Stored data
Segment Open

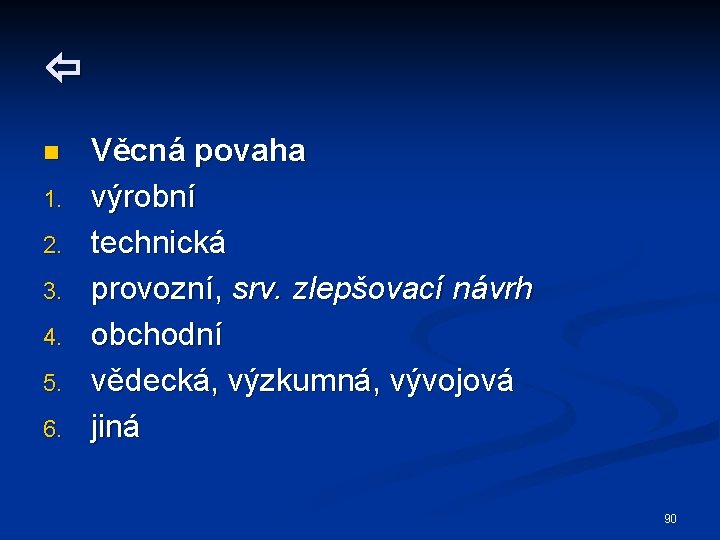  n 1. 2. 3. 4. 5. 6. Věcná povaha výrobní technická provozní, srv.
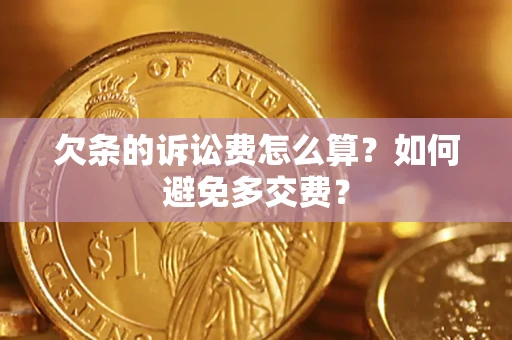 济南欠条的诉讼费怎么算？如何避免多交费？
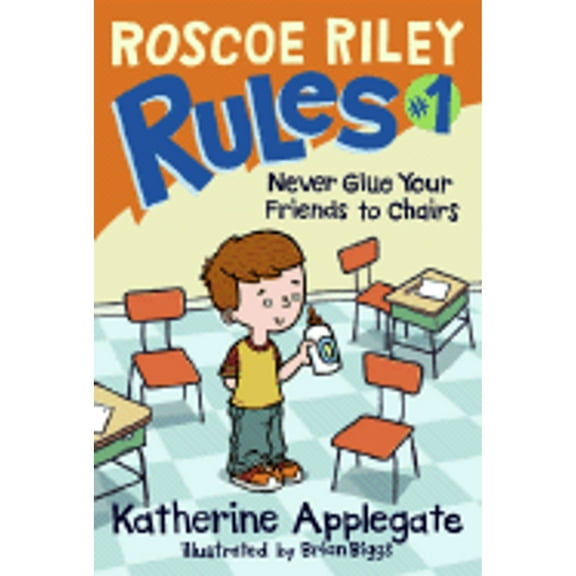 Pre-Owned Roscoe Riley Rules #1: Never Glue Your Friends to Chairs (Hardcover) 0061148822 9780061148828
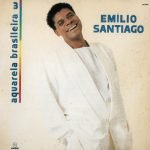 Emilio Santiago – Aquarela Brasileira 3 CD
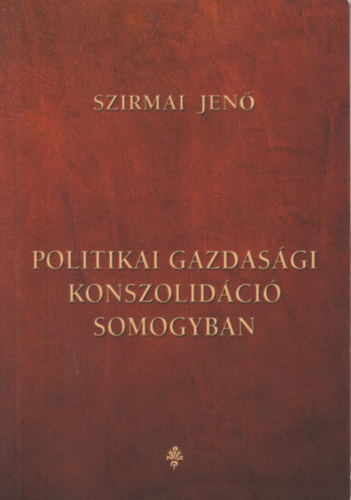 Szirmai Jen - Politikai gazdasgi konszolidci Somogyban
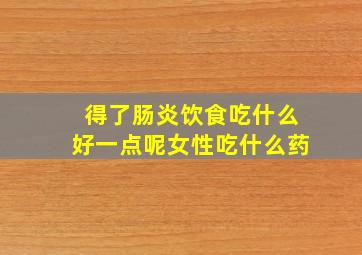 得了肠炎饮食吃什么好一点呢女性吃什么药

Segment Closed

Requirement: With pictures excluded, the data must be transcribed in full and to the letter.

Output of the task:
  n 1. 2. 3. 4. 5. 6. Věcná povaha výrobní technická provozní, srv.
 济南欠条的诉讼费怎么算？如何避免多交费？
 Pre-Owned Roscoe Riley Rules #1: Never Glue Your Friends to Chairs (Hardcover) 0061148822 9780061148828
 Emilio Santiago – Aquarela Brasileira 3 CD
 Szirmai Jen - Politikai gazdasgi konszolidci Somogyban
 得了肠炎饮食吃什么好一点呢女性吃什么药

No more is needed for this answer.